A stone pillar stands in the city of Nagpur, known quite simply as the Zero Mile Stone. Set up during the days of the British Raj, some say it marked the then geographical centre of India. Various distances have been marked on the pillar. There are other such pillars in the country which are living relics of the Great Trigonometric Survey of India — a cartographic or mapping exercise that mapped the contours of India. A survey pillar stands in North Parganas, Bengal. Started in 1802 by the East India Company, it was completed nearly seventy years later in 1871! In the process, four surveyors, including George Everest started and completed their terms!
In 1802, William Lambton began surveying India under the auspices of the East India Company. He was a young British officer, serving in the British Army against Tipu Sultan. Already having shown his acumen at surveying land in the United States, his proposal to survey the Indian Peninsula was accepted by Arthur Wellesley. Using rudimentary instruments, in April 1802, the Great Trigonometrical Survey of India began near Chennai, then Madras.
Using a flat plain as a baseline and topographic features such as hills, the land was surveyed. The process consisted of carefully constructing accurately measured triangles, hence the name ‘Triangulation’. At the end of 1806, it was found that the width of the peninsula was forty miles lesser than the previously presumed measurements! In places such as Tanjore, the pinnacles of temples were used for triangulation.
In 1818, he was joined by a young assistant named George Everest. By this time, most of India had fallen to the British and the Peshwa had been pensioned off to Bithur (Kanpur). The Great Trigonometric Survey could now proceed north. A few years later, Lambton, rather fittingly, died at Hinganghat while travelling from Hyderabad to Nagpur to continue the survey. In twenty years of non-stop work, he had surveyed two lakh square miles of the subcontinent!
The work then passed on to George Everest, who surveyed up to Sironj in today’s Madhya Pradesh, till ill health required him to be recalled to England. Another officer — Joseph Olliver — in his absence surveyed the country from Sironj to Calcutta. Everest returned after spending five years in England, with improved instruments. He resumed work north of the river Chambal. While peninsular India had offered hills, mountains as also flag staffs and coastal features for the survey work, no such help was forthcoming in the flat plains of Terai. Frequent sandstorms added to the trouble.

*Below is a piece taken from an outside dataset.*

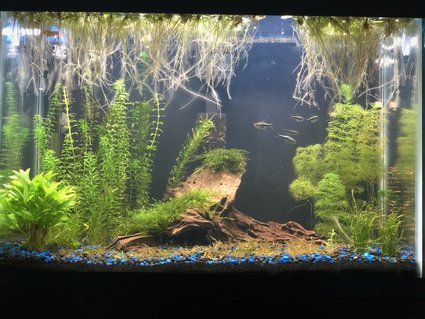 Rated #41: 25 Gallons Freshwater Fish Tank - My first tank, 4 months old Rated #41: 25 Gallons Freshwater Fish Tank - My first tank, 4 months old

George Everest surmounted this difficulty by erecting observation towers of stone, each thirty feet high. Over the next few years, the survey progressed by the usual painstaking methods and star observations towards the Shivalik hills. Dehradun was also covered by 1841. Two years later, owing to ill health, George Everest retired, but not before he had completely changed the face of carrying out the survey. He brought new instruments and devised methods of calculation superior to his predecessors. He improved on Lambton’s slow method of triangulation and thus, covered a huge swathe of the country.

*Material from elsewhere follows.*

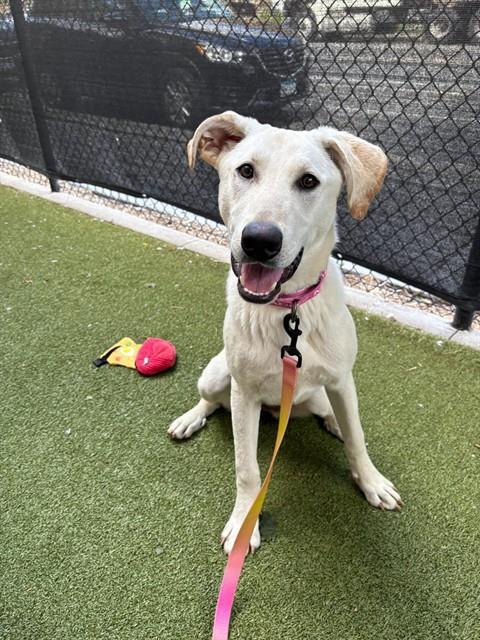 TAWNY, Adoptable, Young Female Labrador Retriever & Mixed Breed.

Just like Col Lambton’s assistant had succeeded him, Col Everest’s assistant, Col Waugh took over the operations. The next five years were spent in calculating the positions and heights of the humongous Himalayan peaks.
Seventy-nine Himalayan peaks were thus covered. Thirty of these peaks were renamed, including Peak No XV, which was renamed to Mt Everest. The survey progressed simultaneously under other officers — from Mumbai towards Mahabaleshwar and south towards Goa . While all this was happening, the East India Company had managed to annex Sindh and Punjab, and Col Waugh readily took up the new survey as a brilliant opportunity. Starting from the already surveyed portion of Dehradun, he proposed to do a continuous survey all across Punjab to Attock, and from Sironj to Karachi. Together, it came to over fifty thousand square miles. From 1856 onwards, under a surveyor named Montgomery, the survey moved north from Sialkot once again into the Himalayas, in what is now PoK. A number of peaks were surveyed, including a certain high peak called Godwin — Austen, named after another British surveyor who surveyed lakes and glaciers in Tibet. Its ‘temporary’ survey number has also endured — Mount K2! In five years, ninety thousand square miles were surveyed with observation stations being set up in the snow and at heights over six kilometres! While the Trigonometric Survey was mapping the broader contours of the country, a Topographical Survey was making more detailed drawings of the interiors. A parallel Revenue survey, even larger in scale was carried out to delineate village and land holding boundaries. Col Blacker succeeded Col Waugh, and in his tenure, the coastline from Calcutta to Madras was surveyed. It had taken over sixty years since Col Lambton began his survey from the same point!
In the centre of all these lines of triangulation mapping the four corners of the country, stands a stone pillar – the Zero Mile Stone!